PROBLEM STATEMENT:
Your reply must contain the full listing below, reproduced exactly, but no pictures.

DATA EXTRACT:
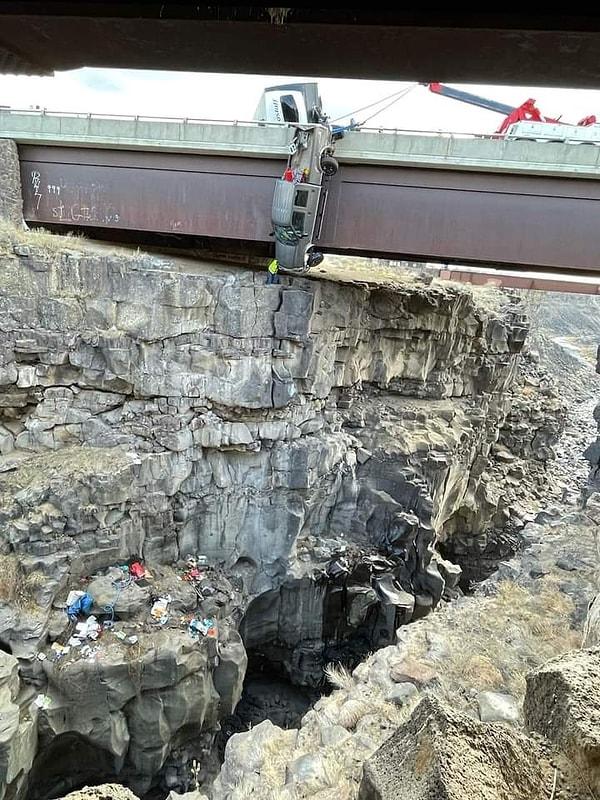 2. "Köprünün üzerinden aşağıya doğru düşen kamyon, karavana bağlı güvenlik zincirleri tarafından kurtarıldı."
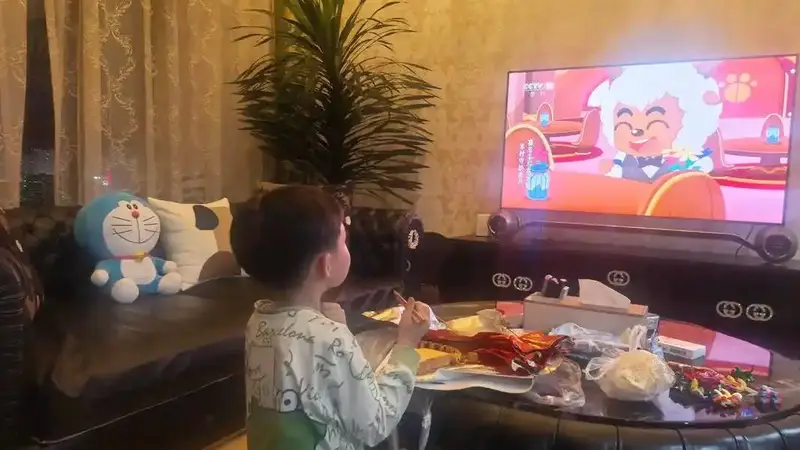 孩子多大能看电视?看看耶鲁大学的跟踪调查结果,家长们就明白了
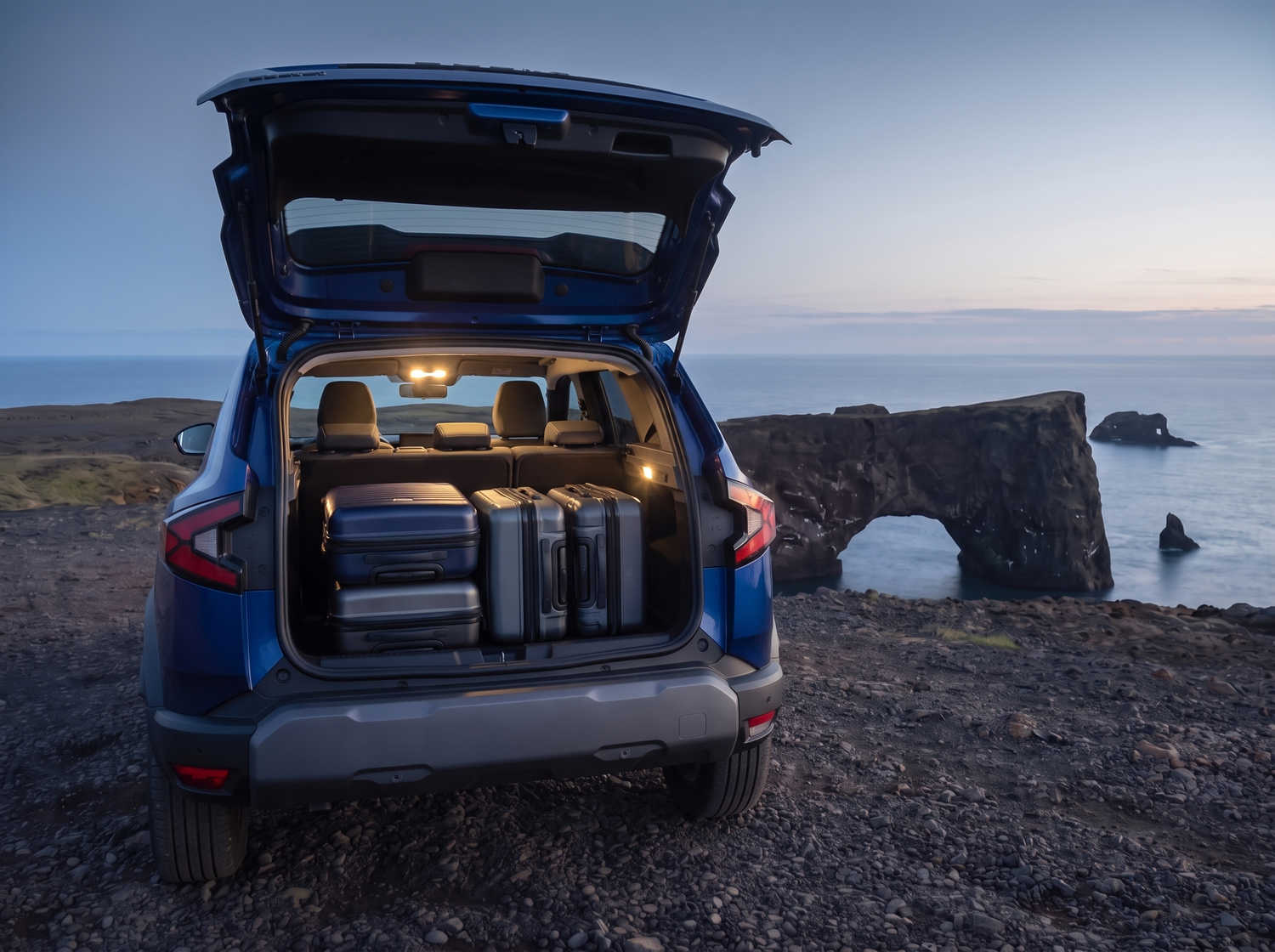 Dacia Bigster azul con transmisión manual y tracción en las cuatro ruedas, capacidad para 5 personas y 4 maletas, diseñado para las carreteras difíciles de Islandia con total comodidad.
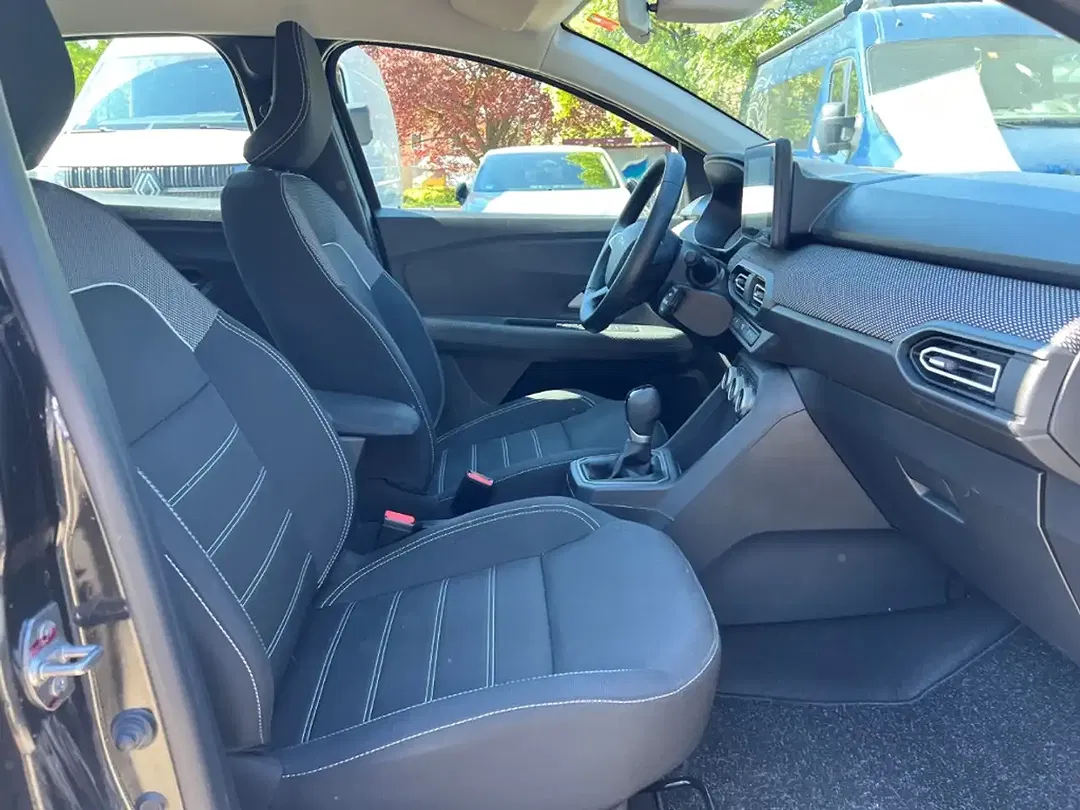 Dacia Logan TCe CVT Edition - Thumbnail 9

TASK SOLUTION:
 2. "Köprünün üzerinden aşağıya doğru düşen kamyon, karavana bağlı güvenlik zincirleri tarafından kurtarıldı."
 孩子多大能看电视?看看耶鲁大学的跟踪调查结果,家长们就明白了
 Dacia Bigster azul con transmisión manual y tracción en las cuatro ruedas, capacidad para 5 personas y 4 maletas, diseñado para las carreteras difíciles de Islandia con total comodidad.
 Dacia Logan TCe CVT Edition - Thumbnail 9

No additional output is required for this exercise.